- _Data supplied_:
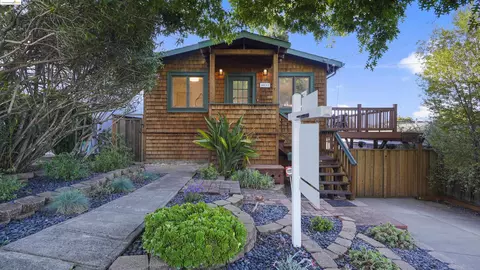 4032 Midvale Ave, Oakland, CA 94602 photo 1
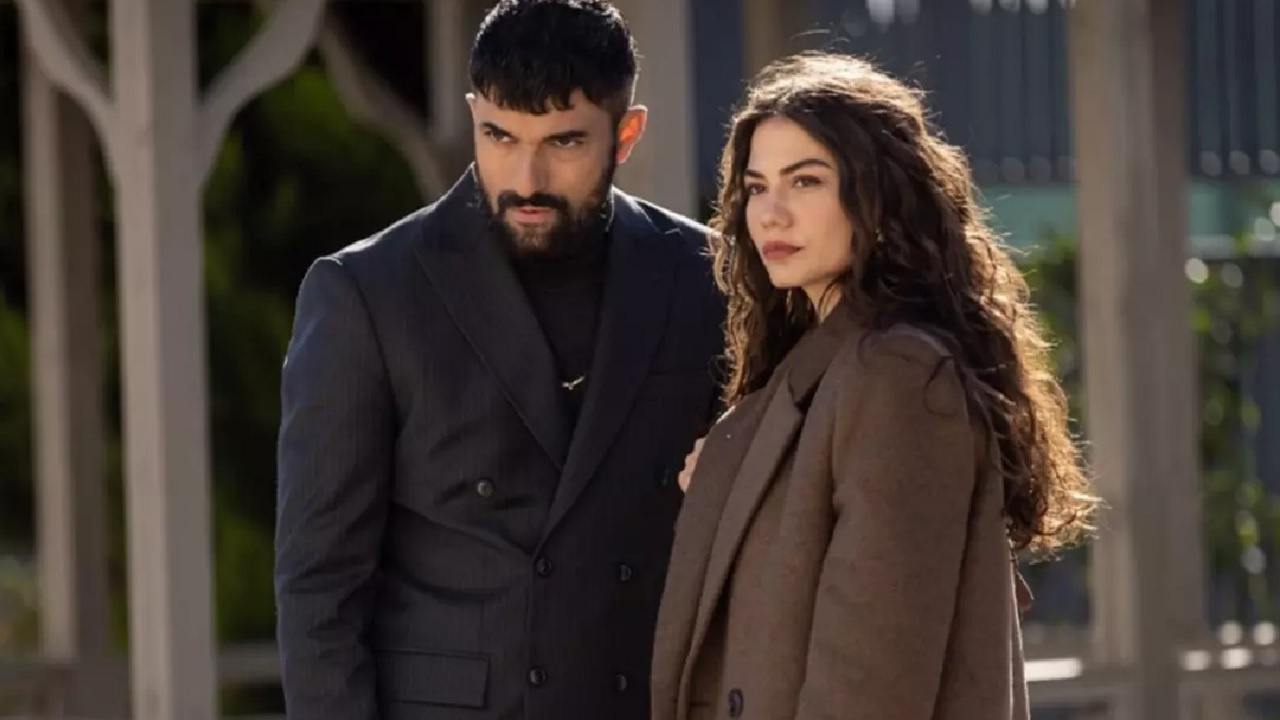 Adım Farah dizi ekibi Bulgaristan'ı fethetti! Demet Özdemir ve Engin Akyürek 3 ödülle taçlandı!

--

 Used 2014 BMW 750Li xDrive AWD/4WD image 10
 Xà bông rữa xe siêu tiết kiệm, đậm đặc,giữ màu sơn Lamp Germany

- _Your assignment_: Output should match, line for line, the stretch of the material above from the line holding "Used 2014 BMW 750Li xDrive AWD/4WD image 10" through the line holding "Xà bông rữa".

- _Answer below_:
 Used 2014 BMW 750Li xDrive AWD/4WD image 10
 Xà bông rữa xe siêu tiết kiệm, đậm đặc,giữ màu sơn Lamp Germany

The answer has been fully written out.